Malheureusement la situation était très similaire à celle de l'Ukraine. Il y régnait le même régime de secret strict étouffant toute référence à la catastrophe, aux niveaux de contamination, aux niveaux des doses, à l'accumulation des radionucléides dans le corps. Je dois dire ici avec insistance, qu'au cours des premières heures et des premiers jours personne n'a envisagé de donner aux enfants le traitement à base d'iode qui était pourtant essentiel pour protéger leur glande thyroïde (en dépit du fait que l'académicien Iline ait si bruyamment proclamé que cela avait été fait à temps). Personne n'a eu la moindre information sur le désastre.
L'information circulait de bouche à oreille, bribes par bribes. Et cela ne rassurait personne. Dès les premières minutes, les autorités ont abandonné la population à son sort. Elles ont préféré " ne pas l'inquiéter. "

Propos rapportés par Vladimir Tchernoussenko
dans son livre Insight from the Inside, Springer Verlag 1991. Traduction de l'anglais par l'ACNM.
Extrait de " Sous l'épaisseur de la nuit "
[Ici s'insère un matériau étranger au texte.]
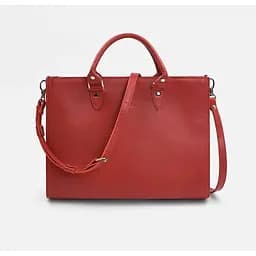 Жіноча шкіряна сумка Fancy A4 червона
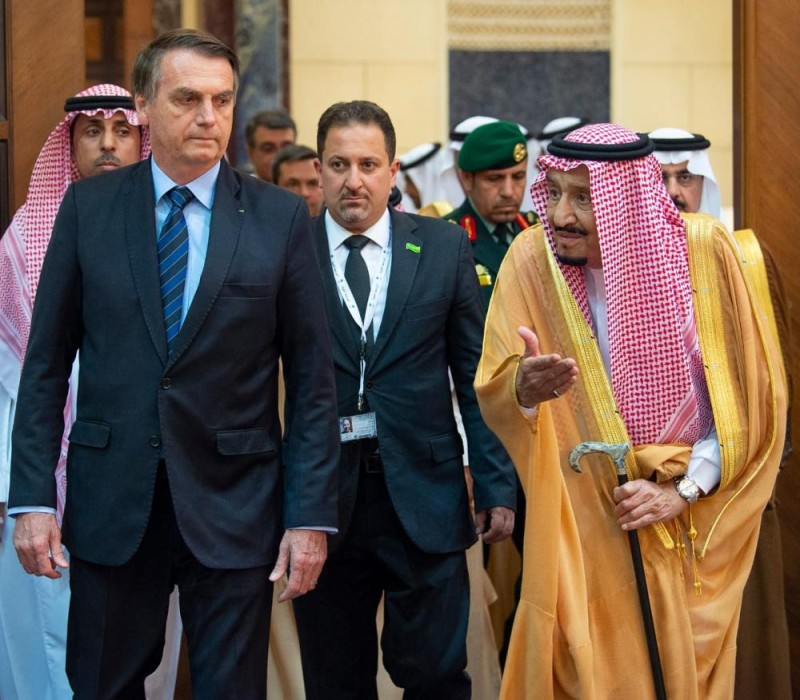 خادم الحرمين الشريفين يستقبل الرئيس البرازيلي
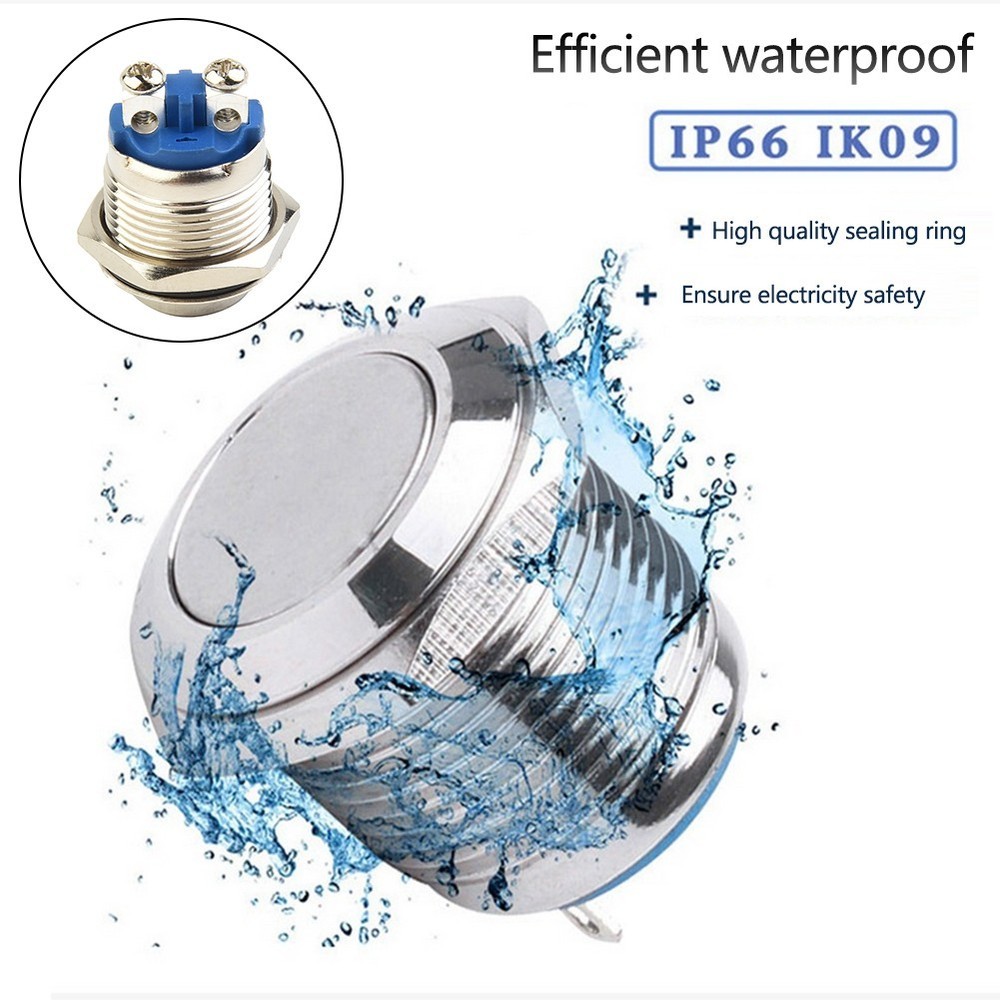 High Quality Button Switch Push Button 12V 16mm 3~220V Accessories Brass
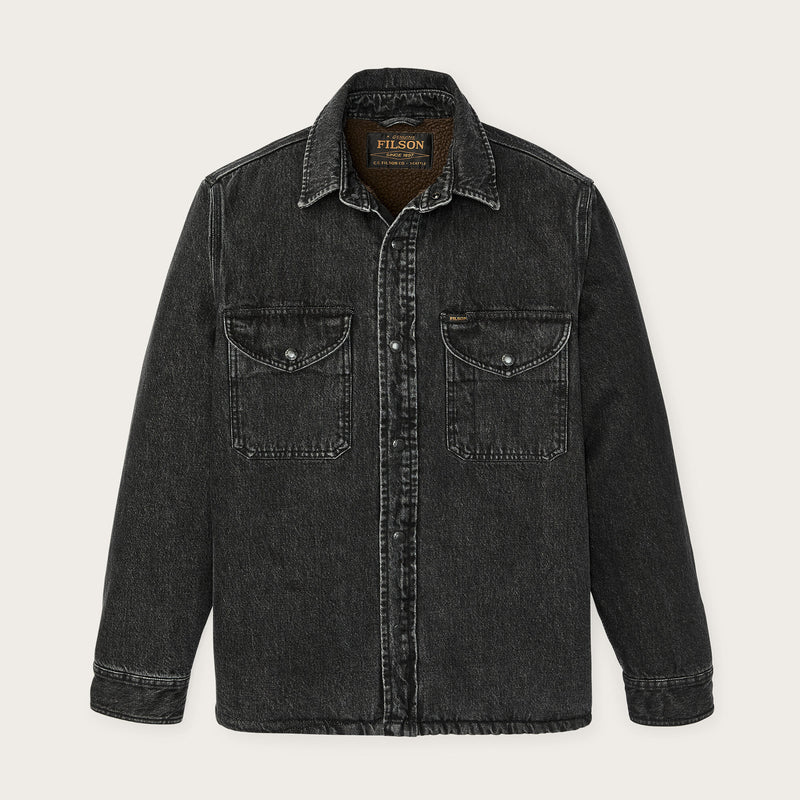 Denim jac-shirt by Filson | Vintage black (Black)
Documents et témoignages sur le désastre de Tchernobyl
ACNM, Association Contre le Nucléaire et son Monde
Paris, 1993.


Note Stop Nogent : un débit de dose de 3 Roentgen/heure c'est environ 200 000 fois le rayonnement naturel (à Kiev, 15 microR/h avant l'accident). Des villages du district de Narodichi contaminés à plus de 1 million de Bq/m2 en césium 137 n'ont été évacués que fin 1989, voire encore plus tard.